- _Work to be completed_
How do the lines read from the one holding "Gaziantep'te Budama Eğitimi Veriliyor" through the last line of the listing? Set them down exactly, pictures omitted.

- _Supplied entries_
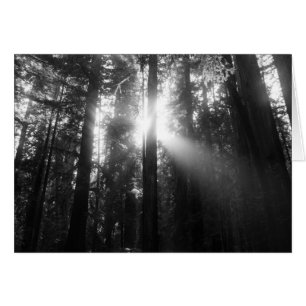 Cartão Floresta da sequóia vermelha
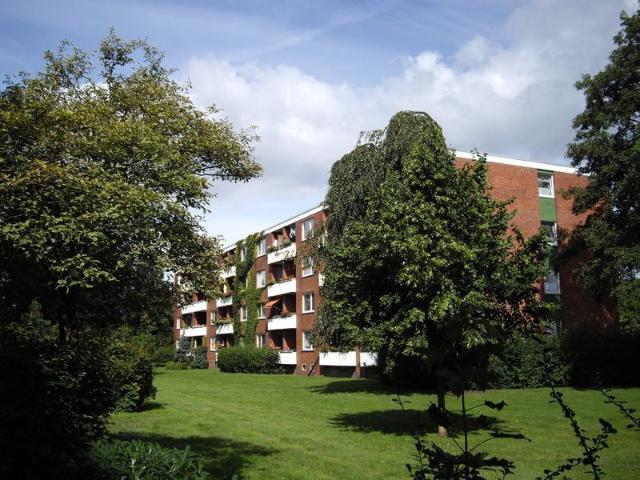 Apartment mieten in Hainholz, Elmshorn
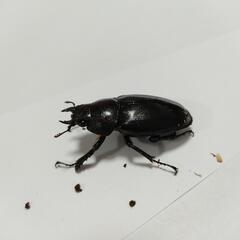 ノコギリクワガタ　ペアの画像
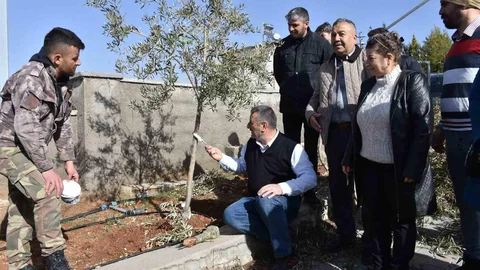 Gaziantep'te Budama Eğitimi Veriliyor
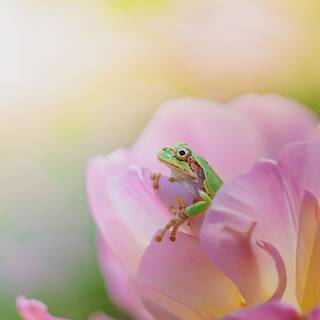 Pink Frog Wallpapers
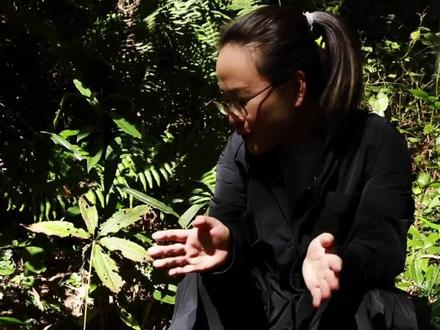 不是那抹光今年我们就拍不到七叶一枝花的蒴果了,还好没放弃,感恩相遇! #一日一植物 @抖音小助手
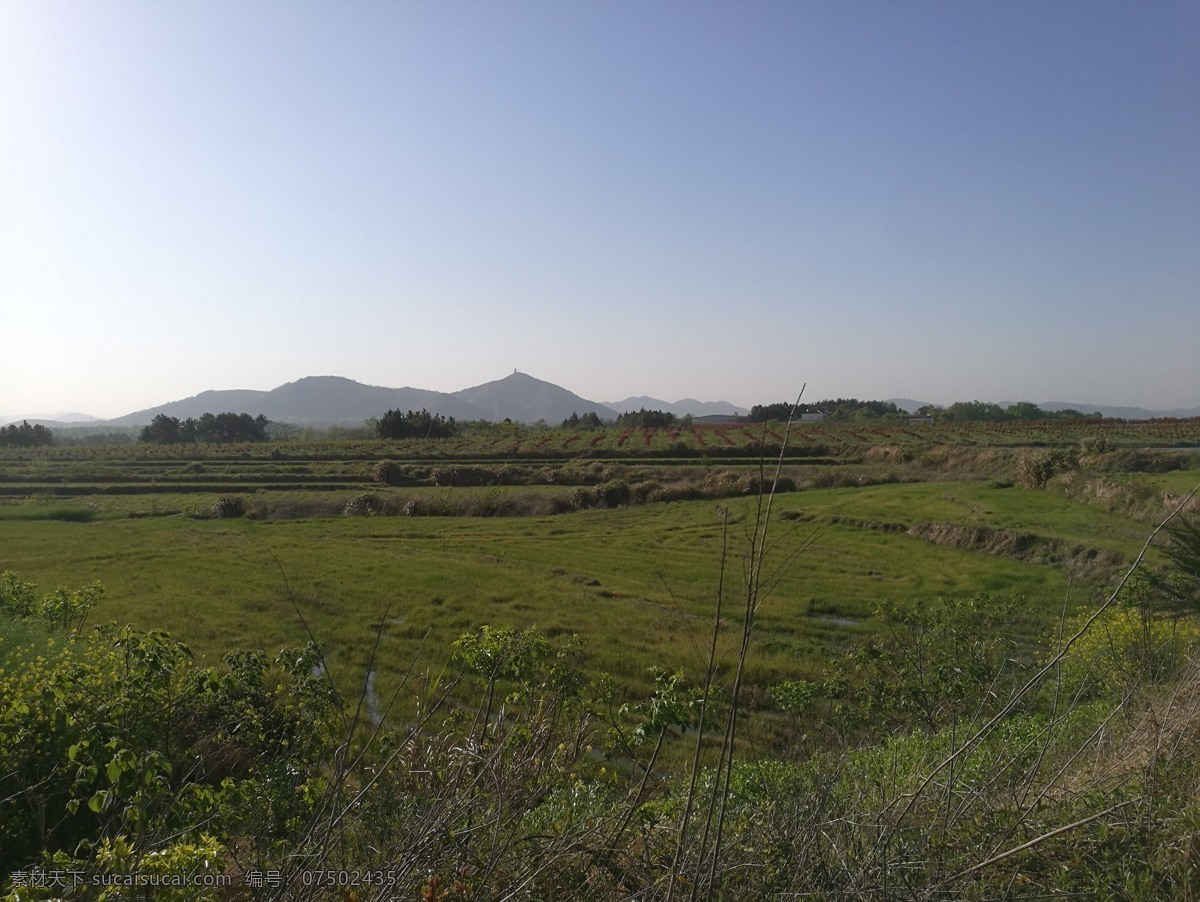 水田 清晨 户外 水稻田 田园 自然景观 田园风光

- _Response area_
 Gaziantep'te Budama Eğitimi Veriliyor
 Pink Frog Wallpapers
 不是那抹光今年我们就拍不到七叶一枝花的蒴果了,还好没放弃,感恩相遇! #一日一植物 @抖音小助手
 水田 清晨 户外 水稻田 田园 自然景观 田园风光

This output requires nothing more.